GitHub Copilot has revolutionized the way developers write code, yet it can introduce challenges by generating code similar to existing content in public repositories. To address this, GitHub introduced a feature in 2022 that enables users to automatically block suggestions matching public code. According to a GitHub spokesperson, this system’s activation is infrequent, occurring less than 1% of the time. However, developers may still want to access these code fragments for legitimate purposes, such as adhering to licensing restrictions or considering the integration of entire libraries from which the snippets originated.
In pursuit of a balanced approach, GitHub has introduced a private beta for a code referencing feature within GitHub Copilot. This new functionality grants developers the choice when dealing with matching code suggestions. With code referencing enabled, Copilot no longer automatically blocks generated code but presents it in a sidebar for developers to decide its usage. As the feature evolves, it will also extend to Copilot Chat in due course.

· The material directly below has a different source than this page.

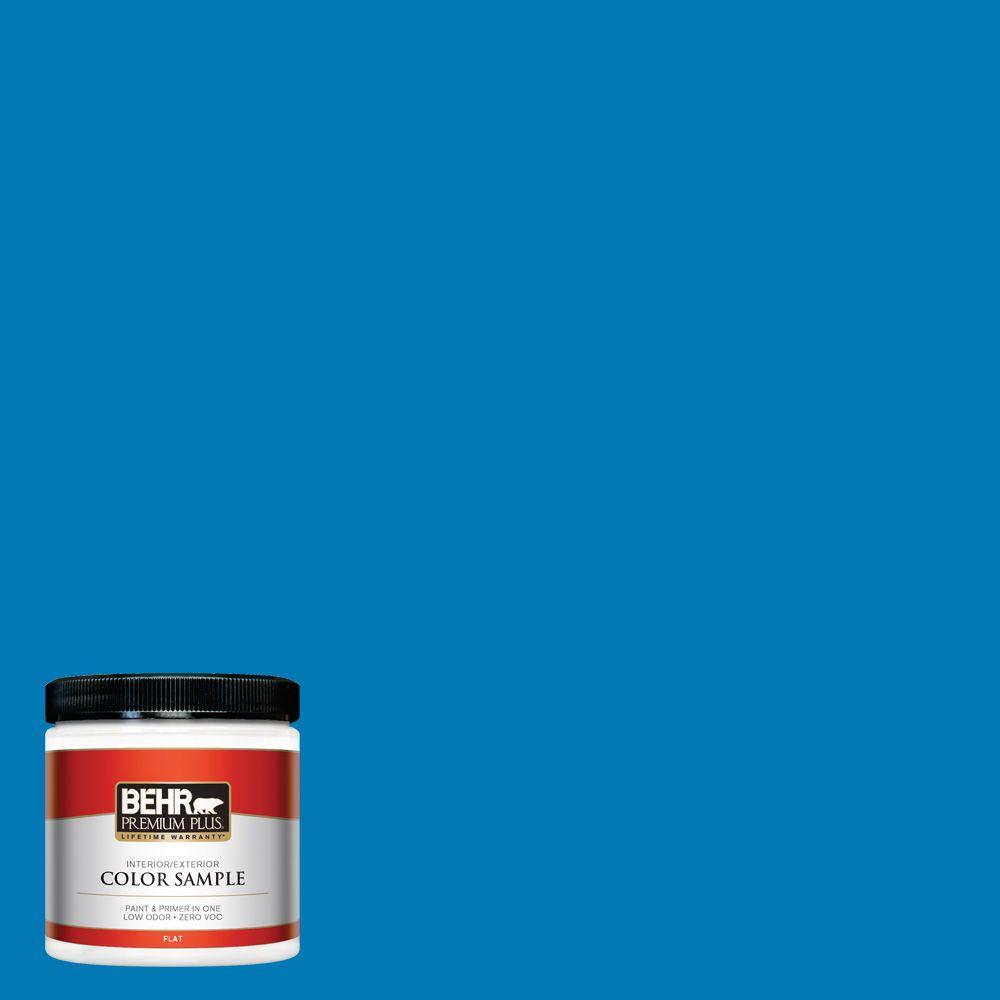 Behr Premium Plus 8 Oz P500 6 Deep River Flat Interior Exterior P500 6 Deep River Flat Interior Exterior Paint And Primer In One Sample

According to GitHub CEO Thomas Dohmke, both Microsoft, GitHub, and numerous Copilot enterprise customers utilized the initial blocking feature. However, he acknowledged its limitations, describing it as a somewhat rigid approach. Dohmke emphasized that this approach leaves developers with limited control in determining whether to incorporate the generated code while properly attributing it to an open-source license. Furthermore, it restricts their ability to explore potential libraries that might offer suitable solutions instead of synthesizing code. As a result, developers may inadvertently reproduce existing code from open-source repositories without the opportunity to contribute via pull requests.
Dohmke highlighted that this situation frequently arises with ubiquitous computer algorithms, such as sorting, which can be found in various locations. Developers now have three options when encountering such code: they can reject it outright, utilize it directly (if the library permits), or employ Copilot to modify the code so that it no longer matches the original snippet.

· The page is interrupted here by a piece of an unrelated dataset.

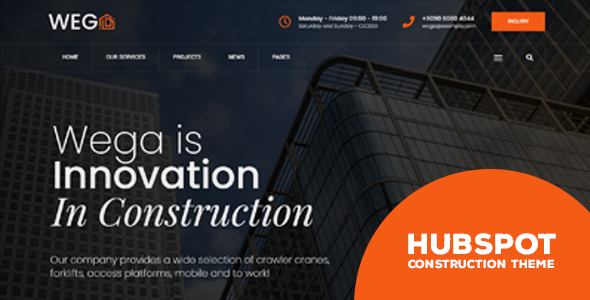 Wega - Construction HubSpot Theme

Currently, the system does not offer the ability to exclusively view results that align with specific licenses. However, the development team is actively seeking feedback from users to gauge interest in this potential feature.
According to Dohmke, the new approach allows users to comprehend the match and subsequently explore their options or make informed decisions. He believes this addresses the gap left by the original solution, providing developers with more flexibility and control in handling code matches.
The code referencing feature is more likely to activate when Copilot lacks substantial context to work with. When Copilot can access abundant context from the existing code being worked on, the likelihood of generating suggestions matching public code diminishes. However, when starting from scratch, the chances of generating matching code significantly increase.
Central to this functionality is an exceptionally fast search engine, aiming to maintain low latency of 10-20ms, which swiftly identifies matching code and its corresponding license. Currently, the matching code snippets are listed based on the order in which the search engine discovers them. In the initial announcement, GitHub expressed intentions to grant developers the ability to sort this inventory by repository license, commit date, and more. This anticipated functionality is likely to be added in the future.